Like The Sopranos and The Wire, it is, however, baffling as a tourist boost. The location of Satriale's Pork Store or the Western District of Baltimore are hardly high on the bucket list of world wonders. Albuquerque - where Breaking Bad has been filmed in its entirety - is in the same camp, but has become an unwitting star.

It is, says Bryan Cranston, who plays White, "a sound, solid place that not many people have related to. They’ve seen Los Angeles, they’ve seen New York, but that haven’t really seen Albuquerque and New Mexico."

"People want to come here and see the actual locations where the filming is taking place," Dale Lockett of the Albuquerque Convention & Visitors Bureau recently told International Business Times. Despite the city being "less than thrilled" by Breaking Bad's premise of drug dealing and all the unpleasantness that comes with it, the city is now recognising that there are tourist dollars to be made. IBT reports that tourism in New Mexico has been growing over the last three years, with Breaking Bad cited as a major reason.

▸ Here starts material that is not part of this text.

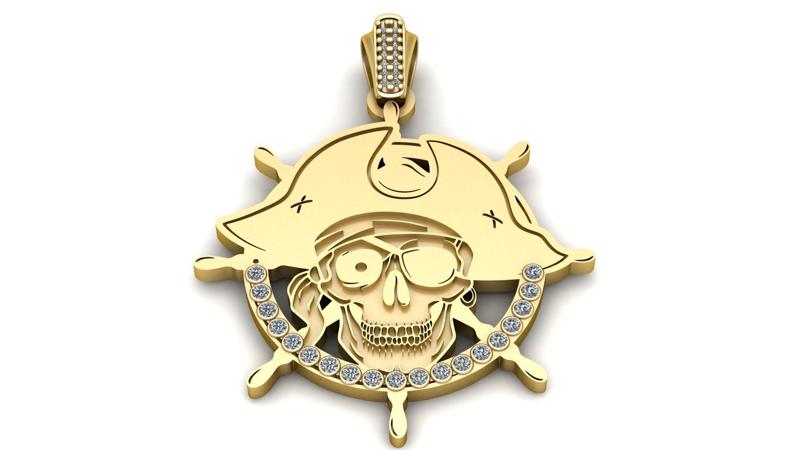 Pirate Skull Steering Wheel Gold Pendant – 3D Printable Jewelry Model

Thus, you can now take part in guided tours of the show's filming locations, including the White family home and the burrito restaurant Twisters, which provides the real location for Los Pollos Hermanos. Troublingly, you can also find a donut store selling 'Blue Sky Donuts', named after Walt White's bespoke drug, and a brand of bath salts called - wait for it - Bathing Bad.

Route 66, just to return to the premise of my trip, runs straight through Albuquerque, though it's debatable which is the better draw for tourists. Some of the filming locations for Breaking Bad are somewhat more salubrious.

At the point 66 becomes Albuquerque's Central Avenue, you drive for a good mile past endless RV dealerships. This, for those who know Breaking Bad, is highly ironic, given the pivotal plot role Walt White and Jesse Pinkman's RV plays in the series.

© Simon Poulter 2013
For almost 18 miles, Central Avenue/US 66 takes you past more RV dealers, tyre shops, low-end motels and a large number of society's rejects baking in the intense heat.

Eventually you drive through the district of Nob Hill, a once depressed area that has been revitalised by residents, local businesses and community organisations, with restaurants, art and culture on offer.

66 then continues, past the vast University of New Mexico campus, and into the Old Town of Albuquerque, where Route 66-themed diners and burger joints start to appear again.

The run through Albuquerque may not have been the most photogenic, or aesthetically rewarding, but there is a clear effort by the city to merchandise its importance as a key waypoint in the Root 66's journey west.

New Mexico doesn't have the same going for it as neighbouring Arizona, with the Grand Canyon being the daddy of all tourist attractions, quite frankly, anywhere, and what I've seen of it has been mostly semi-desert scrub. But you can see how the journey on Route 66 keeps evolving.

Out of Chicago and into Illinois it was lush, green farmland; Missouri - thick green forests; Oklahoma, Kansas and Texas - vast open prairies. In New Mexico, the scenery becomes more jagged, dryer and less hospitable, and as Route 66 enters Arizona, and you notice signs at rest stops warning the traveller to be on the look out for poisonous snakes and scorpions, it's clear that the long but final leg of the journey through the high desert to California is about to begin.